Eppure, se c'è un regista che esprime al meglio la necessità di dotarsi di strumenti diversi e più eclettici per fare cinema in Italia è proprio Costanzo. Hungry Hearts ne è prova evidente. Non si tratta solo di deterritorializzare le consuetudini filmiche del cinema italiano (andando a girare in condizioni di semi-indipendenza produttiva a New York), ma di lasciar entrare - come da una finestra lasciata aperta - influenze disparate e rigenerative. Già in La solitudine dei numeri primi, la benefica influenza dell'horror argentiano e le citazioni da Shining venivano utilizzate da Costanzo come una sorta di modello interpretativo (anche piuttosto infedele) del romanzo di Paolo Giordano, rispettato alla lettera ma totalmente reinventato quanto a lettura iconografica. Qui - come è stato detto da qualche critico - il clima a metà tra Polanski e Zulawski non è certo un vezzo da cinefilo ma una modalità narrativa per esprimere una radiografia di coppia e di maternità che finalmente rifugge i cliché del cinema italiano, legati di solito al dramma borghese e allo psicologismo sentimentale più bassamente sociologico.
Persino sulla riconoscibilità degli attori si gioca una partita fondamentale. Costanzo intuisce i rischi che la ricorrenza dei personaggi interpretati da Alba Rohrwacher porta con sé (insicurezza, fobia, nevrosi, anoressia, e le altre disfunzioni psicologiche di tanti film in cui ha recitato) e - pur partendo dal continuity role - ha il coraggio di torcerne la figura fino a trasformarla in mostro, in "mater hysterica" sospesa tra ansia, misticismo e disturbo alimentare.
Qualcun altro soffre di Costanzo la tendenza alla formalizzazione, all'intellettualismo e alla stilizzazione. Ben vengano! Se c'è un problema macroscopico del cinema italiano, questo è il contenutismo maniacale, la tentazione pedagogica, frutto di un'eredità scolastica e letteraria dura a morire.
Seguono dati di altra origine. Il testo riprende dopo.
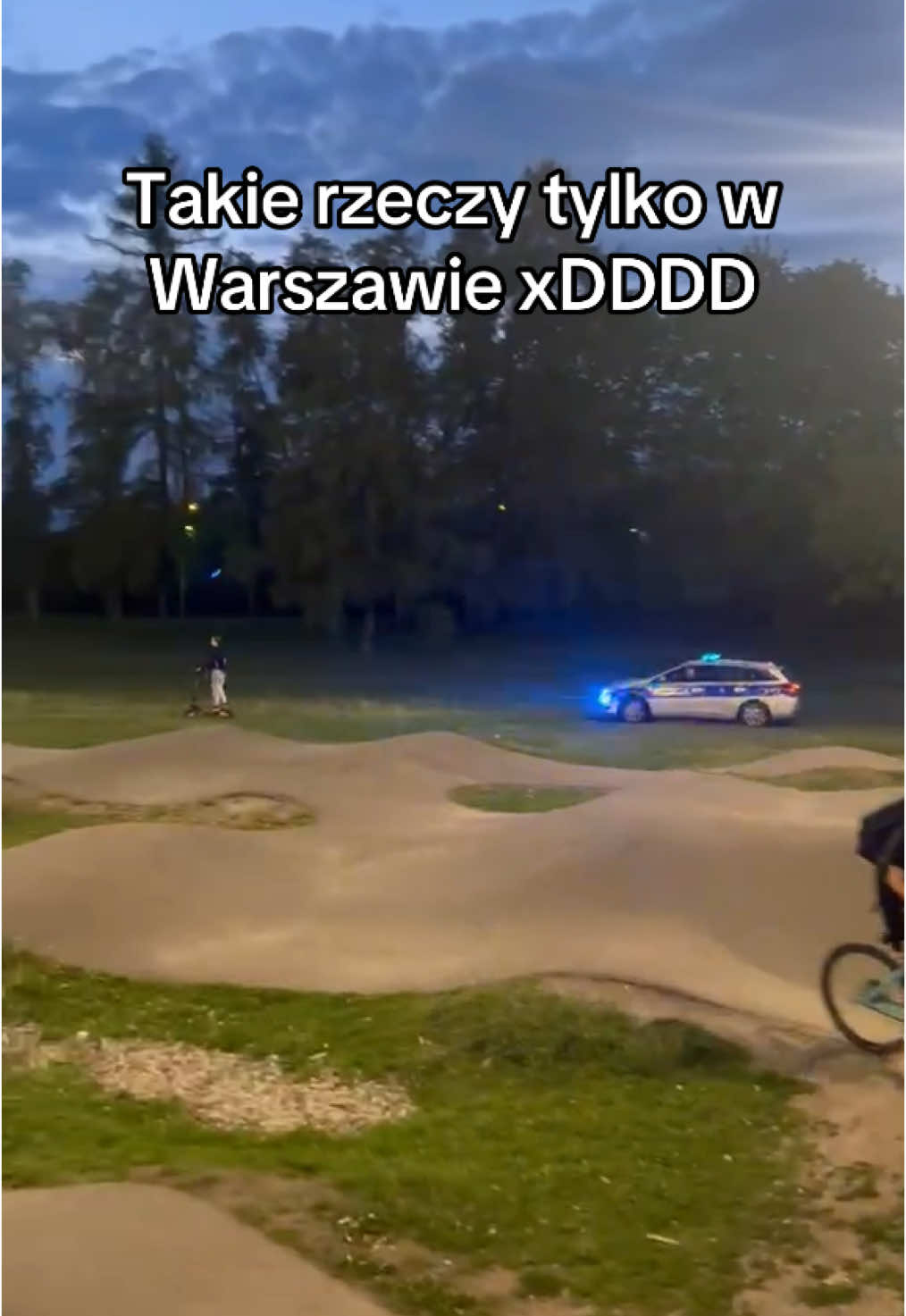 Czekam aż będzie w wiadomościach xDDD #dc #viral #policja #polska #warszawa #poscig #niebieskieswuatlo #hulajnoga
Forse è per questo che Costanzo ricorre così spesso agli adattamenti, come in questo caso, come nella Solitudine, come per In memoria di me, perché scorge nel progetto di messa in scena e nelle operazioni di stile uno spazio di manovra enorme e sottovalutato nel nostro cinema, nel quale l'abbeverarsi a fonti cinematografiche non autoctone (dal genere americano al cinema d'autore radicale) garantisce immediati vantaggi poetici. E anche quando quello spazio di adattamento sembra microscopico (pensiamo ovviamente alla versione italiana di In Treatment, di gran lunga la migliore di tutte, compreso l'originale), il lavoro di regia, di inquadratura, di posizionamento del corpo e degli oggetti, di ripresa, di direzione degli attori, diviene un campo improvvisamente sterminato, nel quale si trasformano anche i materiali più apparentemente immodificabili. Una volta si stigmatizzava il cinema italiano "due camere e cucina" (intendendolo claustrofobico e rinunciatario), con registi come Costanzo anche le case più modeste - come quella di Hungry Hearts - fanno respirare tutt'altra aria.